Short text fragments from websites
#####
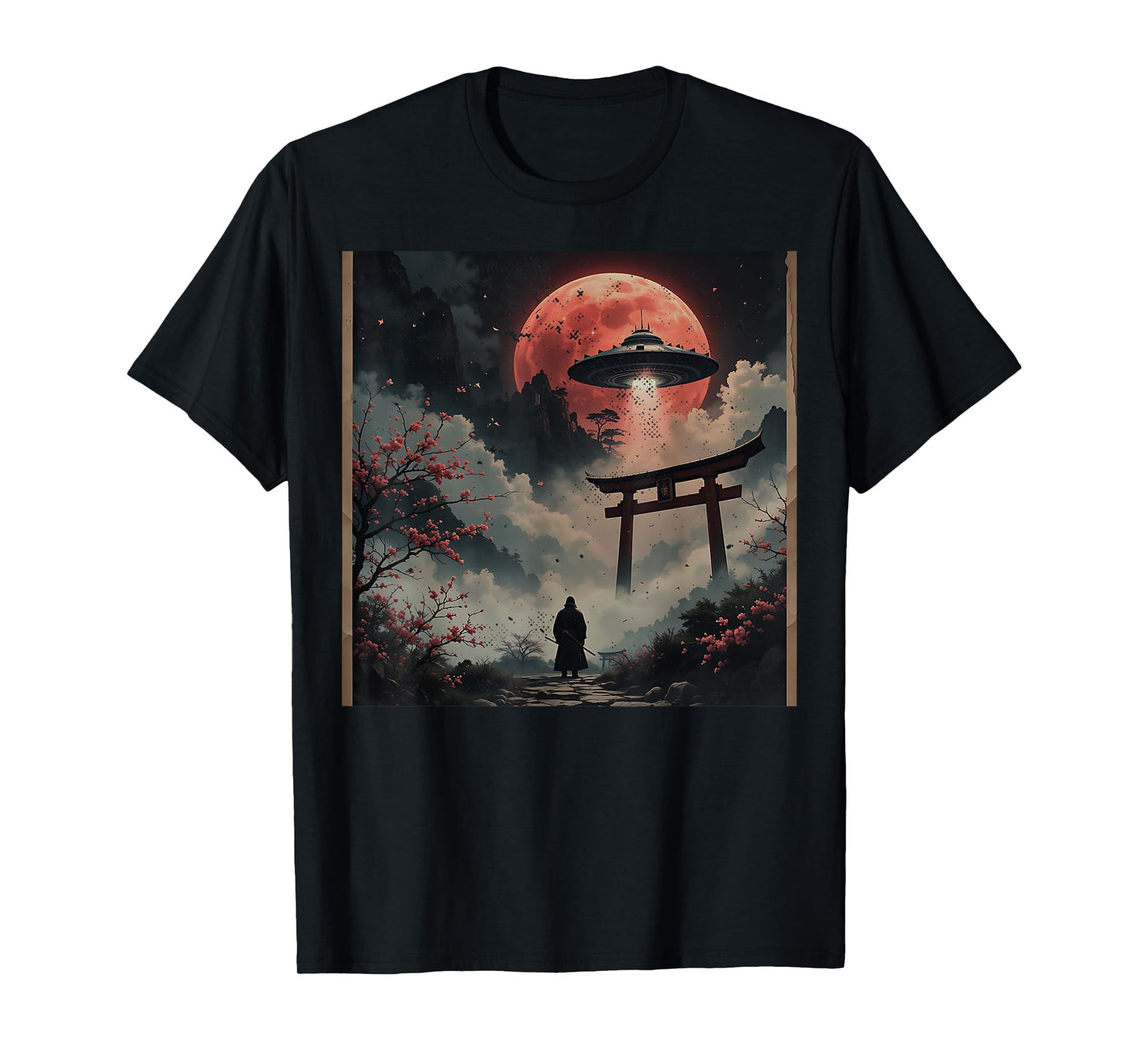 Samurai Bigfoot Japanese UFO Vintage Graphic Ukiyo-e Art T-Shirt
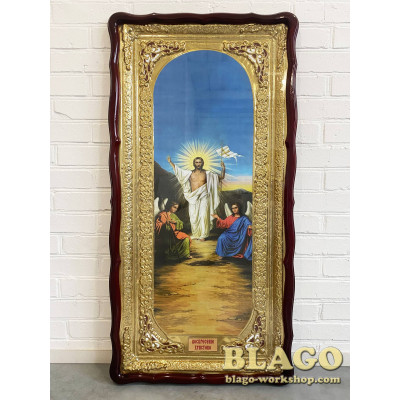 Icon Resurrection, figurative frame, 60x120 cm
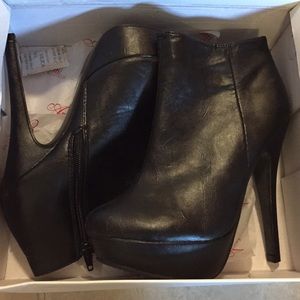 Black Faux Leather Ankle Boots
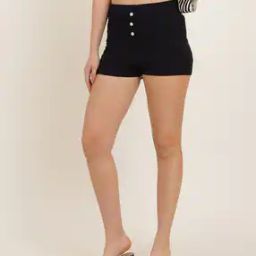 Shein High Rise Mock Buttons Textured Mini Hot Pants-image-96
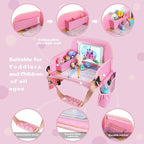 Kids Travel Tray for Toddler Car Seat, Road Trip Activities for Kids with iPad Holder Stand & Dry Erase Board, Road Trip Essentials Accessories Lap Tray as Travel Gifts for Kid, Pink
#####
PROBLEM TO SOLVE: The records above, copied word for word without the pictures, are what should be output.

TASK RESPONSE:
 Samurai Bigfoot Japanese UFO Vintage Graphic Ukiyo-e Art T-Shirt
 Icon Resurrection, figurative frame, 60x120 cm
 Black Faux Leather Ankle Boots
 Shein High Rise Mock Buttons Textured Mini Hot Pants-image-96
 Kids Travel Tray for Toddler Car Seat, Road Trip Activities for Kids with iPad Holder Stand & Dry Erase Board, Road Trip Essentials Accessories Lap Tray as Travel Gifts for Kid, Pink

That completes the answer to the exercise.